*Supplied material*.
★ ★ ★ ★ ★ ★ ★

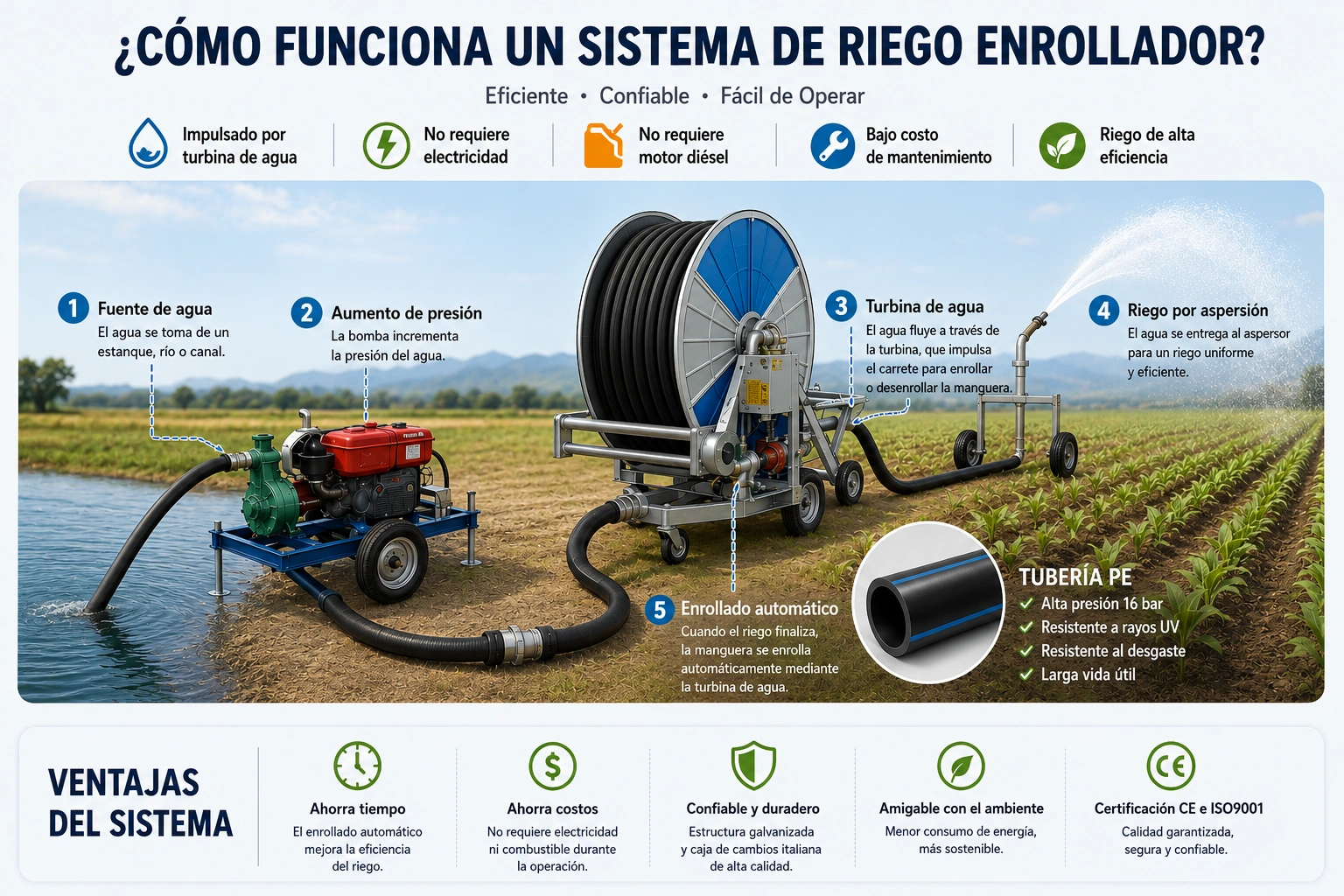 how to work irrigation spanish_副本.webp
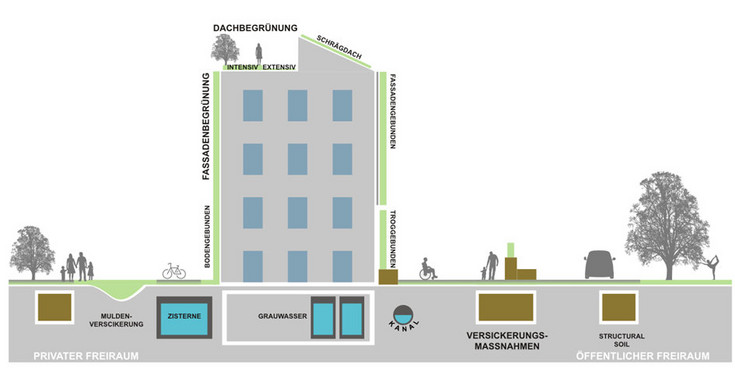 Regenwasser Toolbox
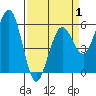 Fields Landing tide chart for Tuesday, April 1, 2025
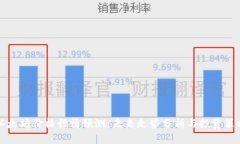 以太坊价格行情预测：未来走势分析与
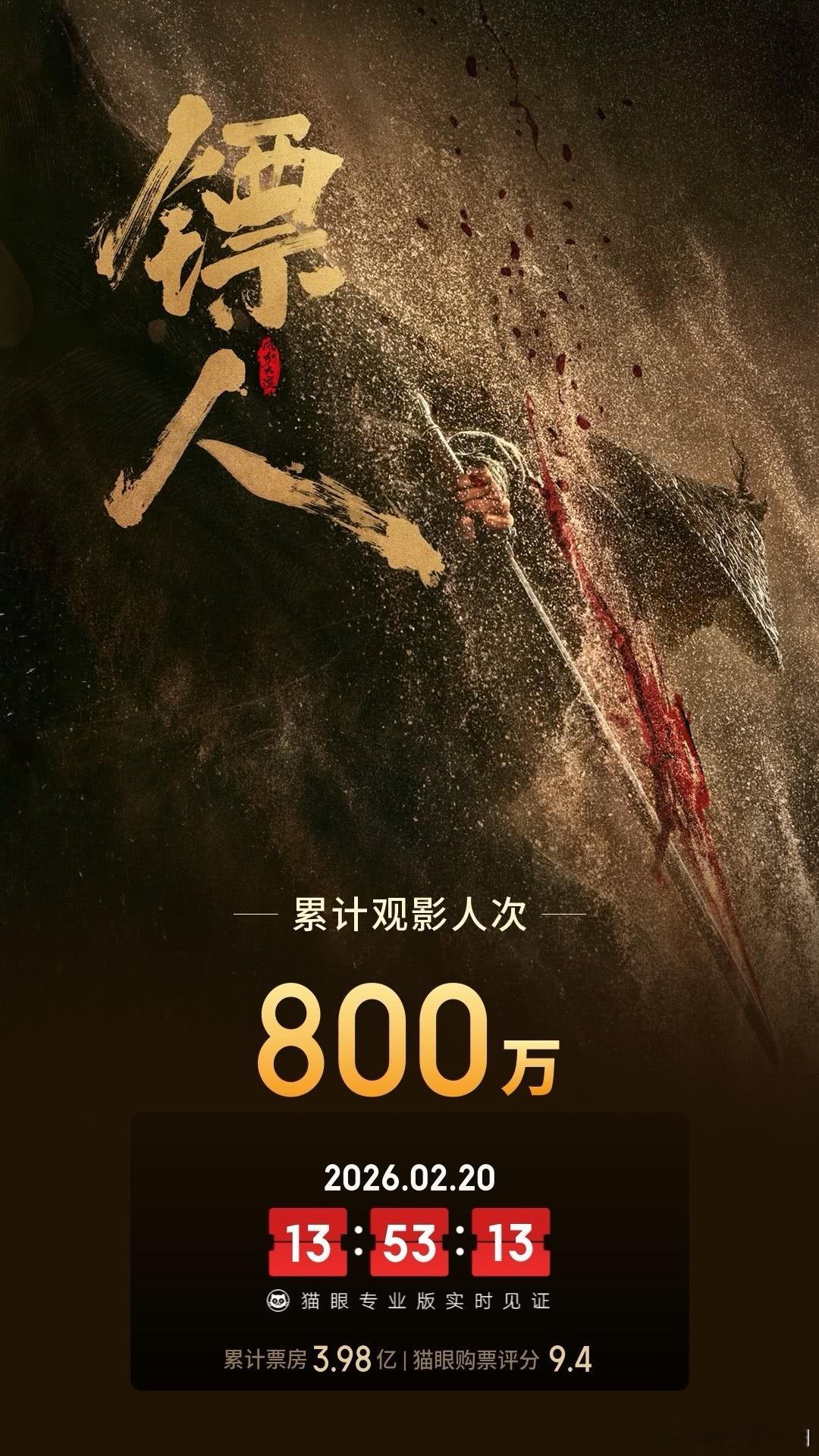 《镖人：风起大漠》上映3天4时53分，观影人次突破800万！春节档马上有戏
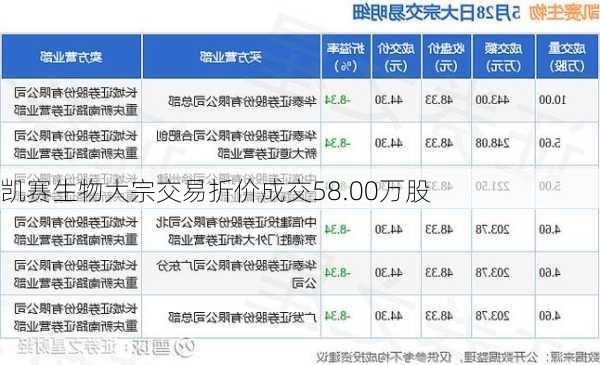 凯赛生物大宗交易折价成交58.00万股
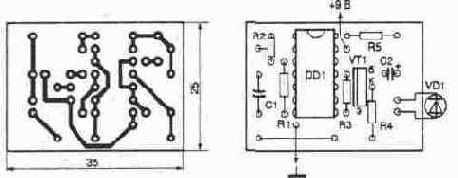 ������� �������� ������������ �� �� �����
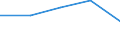 KN 48183000 /Exporte /Einheit = Preise (Euro/Tonne) /Partnerland: Faeroer /Meldeland: Eur27 /48183000:Tischtücher und Servietten, aus Papierhalbstoff, Papier, Zellstoffwatte Oder Vliesen aus Zellstofffasern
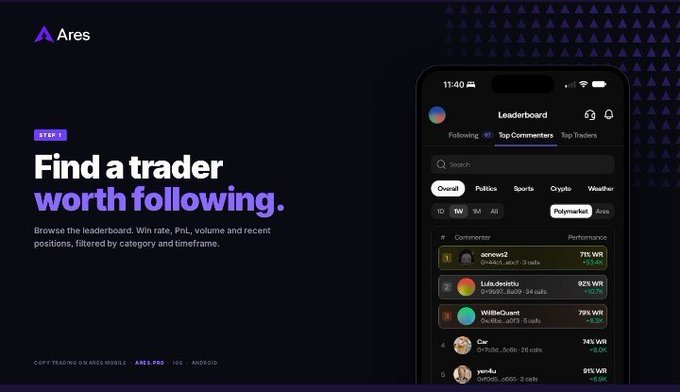 A promotional screenshot for the Ares app showing a mobile interface with the text 'STEP 1 Find a trader worth following' and a Leaderboard displaying top commenters like 'aaravv2' and 'Luis.deist3r' with their performance metrics.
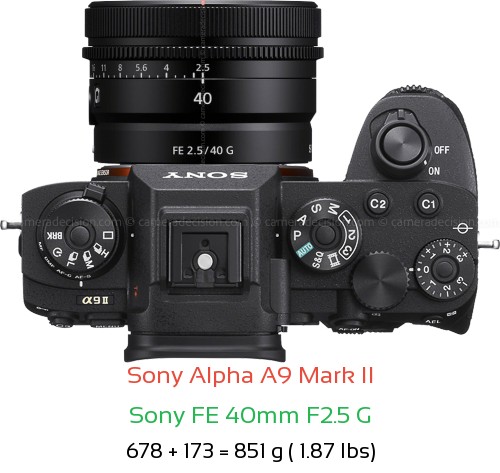 Sony A9 II with Sony FE 40mm F2.5 G Lens Size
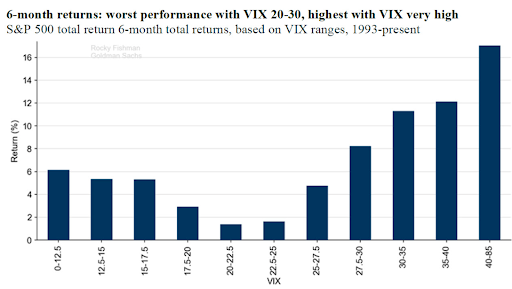 6 month returns chart - VIX ranges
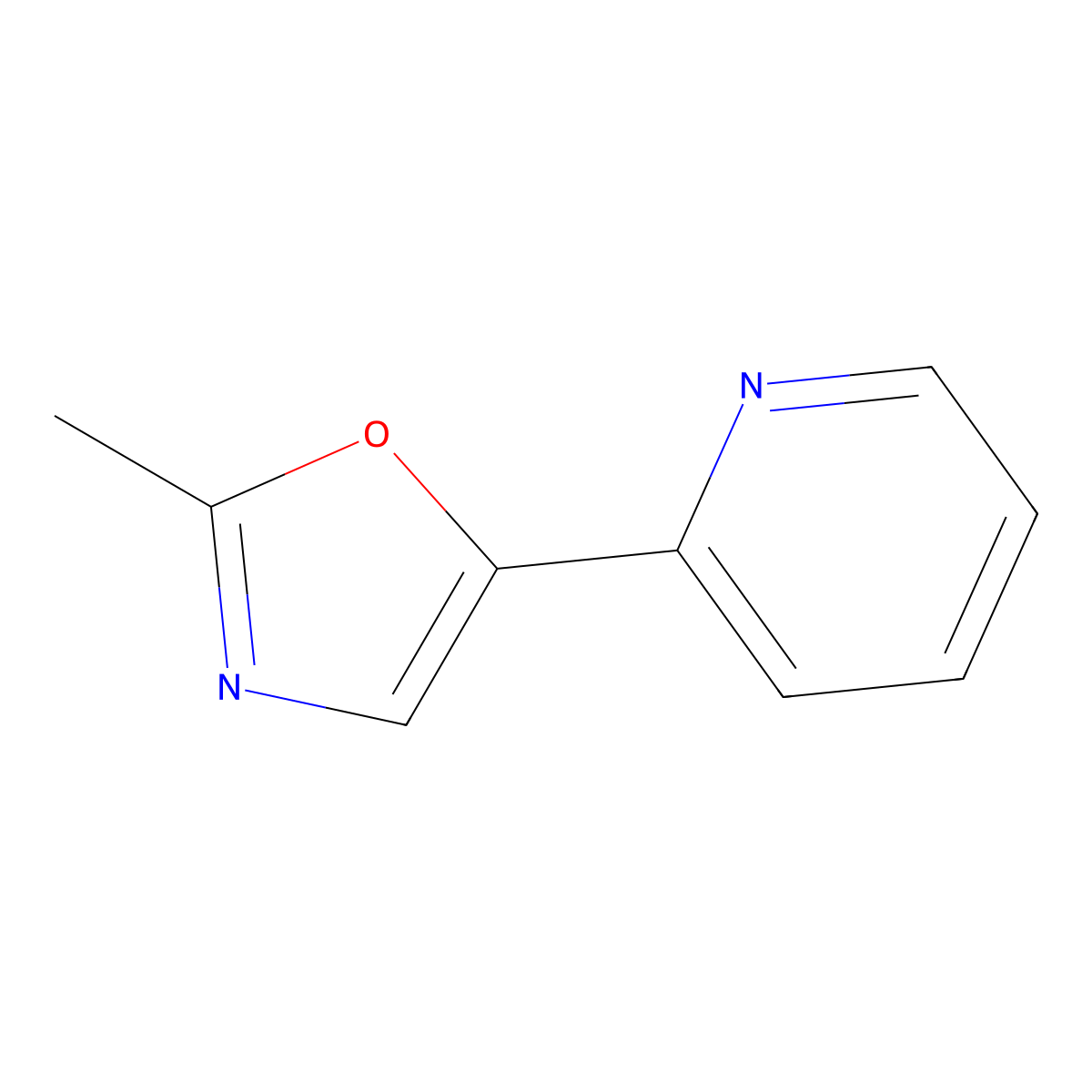 2-Methyl-5-(2-pyridyl)oxazole molecular structure, CAS 1519816-35-3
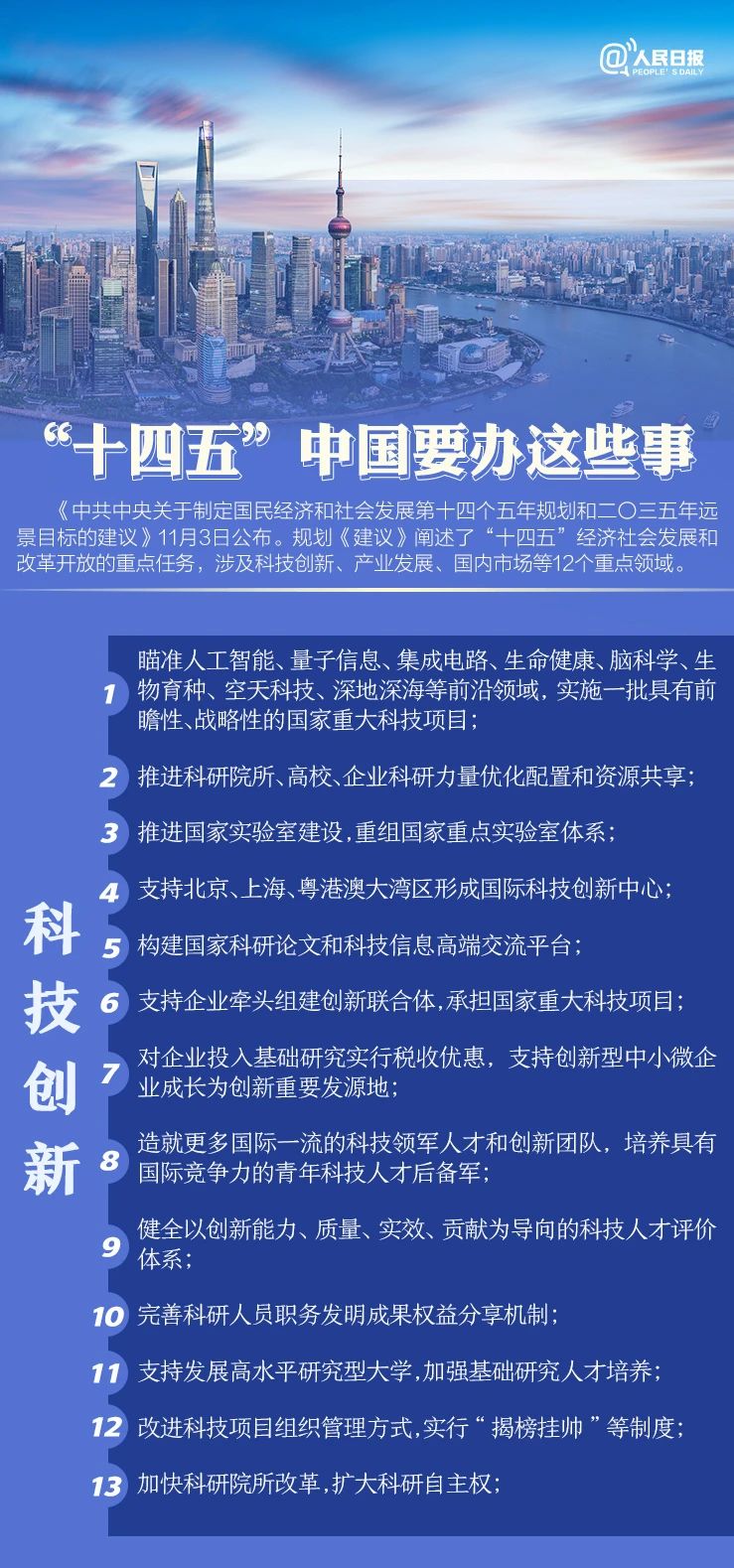 目标2025年全球销量冲刺50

★ ★ ★ ★ ★ ★ ★

*Aim of the task*.
Reproduce the material above exactly, but only from the line with "Sony A9 II with" through its last line, leaving pictures out.

*Solution for this exercise*.
 Sony A9 II with Sony FE 40mm F2.5 G Lens Size
 6 month returns chart - VIX ranges
 2-Methyl-5-(2-pyridyl)oxazole molecular structure, CAS 1519816-35-3
 目标2025年全球销量冲刺50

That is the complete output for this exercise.